**WHAT IS NEEDED**
Nothing but the records, transcribed exactly, should appear in the answer; leave the pictures out.

### RECORDS FOR THIS TASK

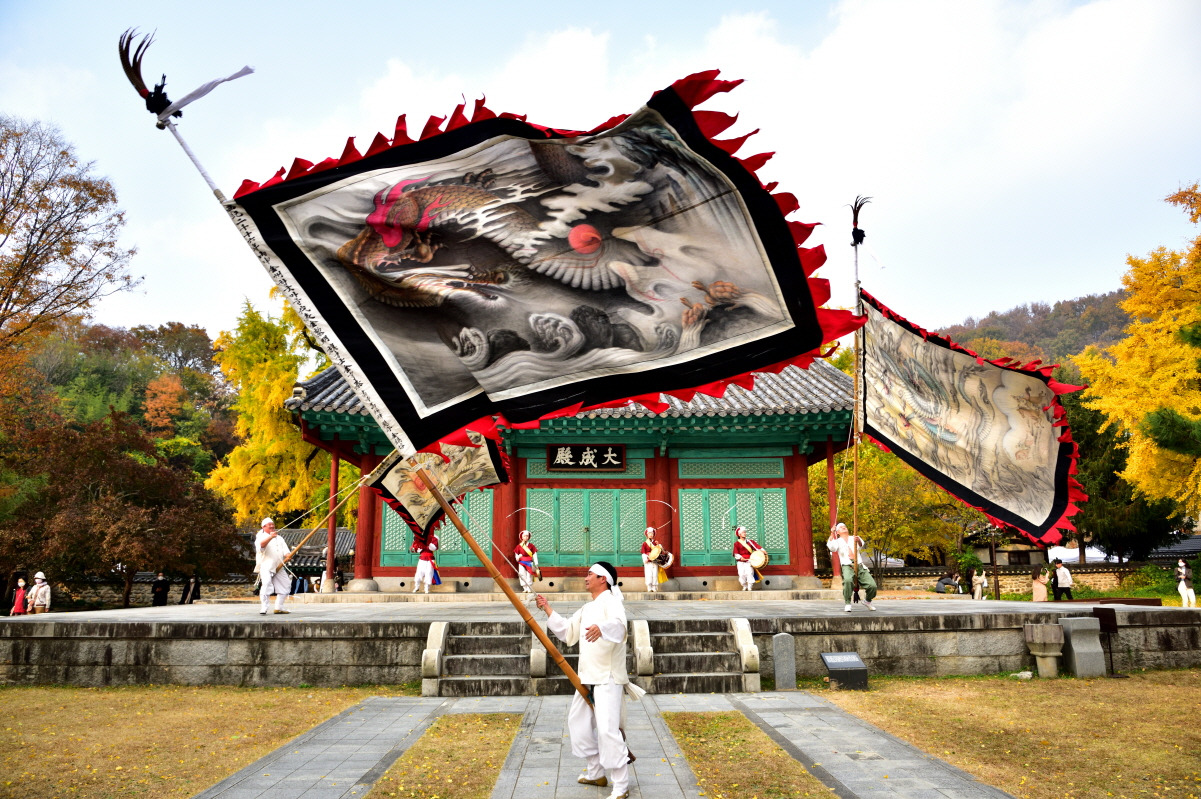 전주여행 가볼만한 곳 베스트10_ 01. 전주 한옥마을 (한옥숙박, 야경명소, 여행코스)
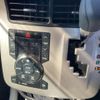 toyota voxy 2013 CFJ1822369 image 7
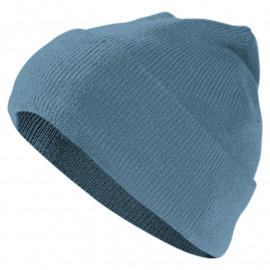 hat WINTER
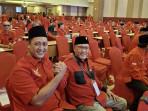20251028-Ketua-DPC-PDI-Perjuangan-Belitung-Wahyudi.jpg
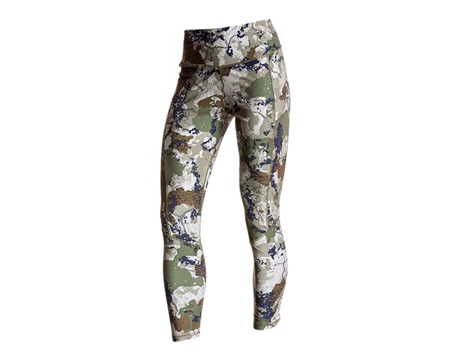 King's Camo® Women's XKG Freya Leggings - XK7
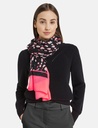 Gerry Weber Scarf 500302-13101 S-24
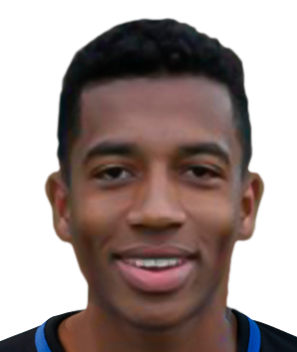 https://img.thedjmk.com/img/football/player/693c3051e07a76a2c940e5ab46360b84.png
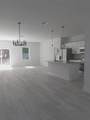 12793 43RD Circle - Photo 4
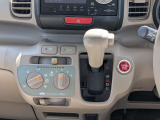 坂出市でお得に良質な車を手に入れるチャンス!皆様からのお問い合わせを待ってます。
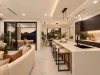 8 Bullaring Street, Austral, NSW 2179-Image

######

**TASK OUTPUT**
 전주여행 가볼만한 곳 베스트10_ 01. 전주 한옥마을 (한옥숙박, 야경명소, 여행코스)
 toyota voxy 2013 CFJ1822369 image 7
 hat WINTER
20251028-Ketua-DPC-PDI-Perjuangan-Belitung-Wahyudi.jpg
 King's Camo® Women's XKG Freya Leggings - XK7
 Gerry Weber Scarf 500302-13101 S-24
 https://img.thedjmk.com/img/football/player/693c3051e07a76a2c940e5ab46360b84.png
 12793 43RD Circle - Photo 4
 坂出市でお得に良質な車を手に入れるチャンス!皆様からのお問い合わせを待ってます。
 8 Bullaring Street, Austral, NSW 2179-Image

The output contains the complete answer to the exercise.